Tendo preparado os discípulos, dispensando-lhes uma ternura única, Jesus lhes dá a sua maior herança: “Eu vos dou um novo mandamento: amai-vos uns aos outros. Como eu vos amei, assim também vós deveis amar-vos uns aos outros” (v. 34). Talvez os discípulos esperassem mais, como um conjunto de normas, ritos, etc. Mas Jesus deixou somente isso: um mandamento novo. Na língua original do Evangelho, há dois adjetivos que correspondem a “novo”: o primeiro deles (νέος = néos) significa algo novo que se soma ao que já existe; o segundo (καινός= kainós) significa algo novo que substitui o velho, superando-o e fazendo-o desaparecer. É essa segunda palavra que o evangelista usa aqui. Portanto, o mandamento novo dado por Jesus não vem a ser um acréscimo ao decálogo, mas a sua completa superação. Quer dizer que, vivendo esse mandamento, a comunidade não necessita de nenhum outro. Somente em João o mandamento do amor é dado com essa radicalidade, como veremos a seguir.

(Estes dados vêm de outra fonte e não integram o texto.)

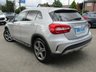 USED 2017 67 MERCEDES-BENZ GLA-CLASS 2.1 GLA 200 D AMG LINE 5d 134 BHP Finished in POLAR SILVER MET with contrasting BLACK LEATHER and ALCANTARA TRIM. This Mercedes GLA is a practical and comfortable SUV crossover with a high quality interior and distinctive styling. Features include, SAT NAV, Reversing Camera, 19" Alloys, Leather Seats, Electric tailgate, Power Folding Mirrors and much more. Mercedes Dealer serviced at 21885 miles and at 59371 miles. Serviced on arrival at EMC.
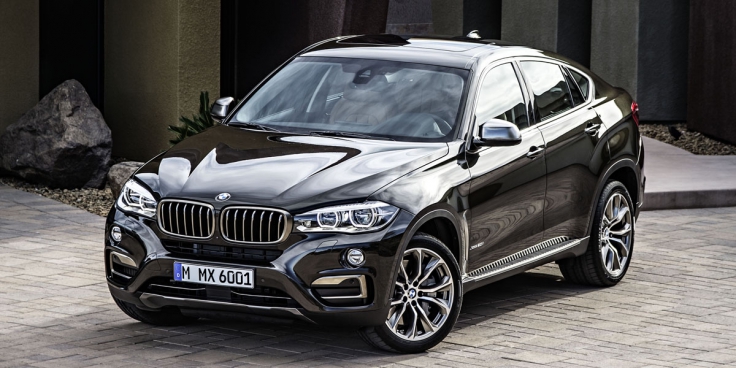 2016 Bmw X6 Consumer Guide Auto 2016 Bmw X6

É claro que a lei já antiga já previa o amor ao próximo: “amarás o teu próximo como a ti mesmo” (Lv 19,18). Na tradição sinótica, houve uma adaptação do primeiro mandamento do decálogo com esse do Levítico: “amarás o Senhor, teu Deus, de todo o teu coração, com toda a tua alma, com todas as tuas forças, e ao teu próximo como a ti mesmo” (Mt 22,37-38; Mc 12,33; Lc 10,27). Diante disso, a novidade apresentada por João se torna ainda mais evidente, pois Jesus não reivindica nada para si e nem para Deus, o Pai; pede apenas amor recíproco entre os membros da comunidade: “amai-vos uns aos outros”; nesse amor recíproco entre os discípulos, obviamente, estará o amor a Deus, pois é Ele a fonte do amor e, consequentemente, a Jesus, o revelador do amor do Pai. De acordo com o Levítico e os Sinóticos, o critério do amor ao próximo é o amor a si próprio; Jesus muda também essa perspectiva: o critério do amor que deve ser vivenciado na comunidade é o seu; o parâmetro é o amor de Jesus: “como eu vos amei, assim também vós deveis amar-vos uns aos outros”; e o seu não é um amor qualquer, mas é aquele amor capaz de dar a vida pelo próximo. A medida do amor ao próximo, portanto, deve ser somente o amor de Jesus, cuja expressão visível é o serviço, como Ele tinha demonstrado lavando os pés dos discípulos e também recomendando: “Eu vos dei um exemplo para que também vós façais o mesmo” (Jo 13,15).

O mandamento dado por Jesus é tão novo, que a vivência dele se torna o único critério de pertença à sua comunidade: “Nisto todos conhecerão que sois meus discípulos, se tiverdes amor uns pelos outros” (v. 35). É a vivência recíproca desse amor que caracteriza uma comunidade como pertencente a Jesus, e que manifesta a presença do Ressuscitado nessa. Portanto, somente o amor é suficiente para alguém ser reconhecido como discípulo ou discípula de Jesus.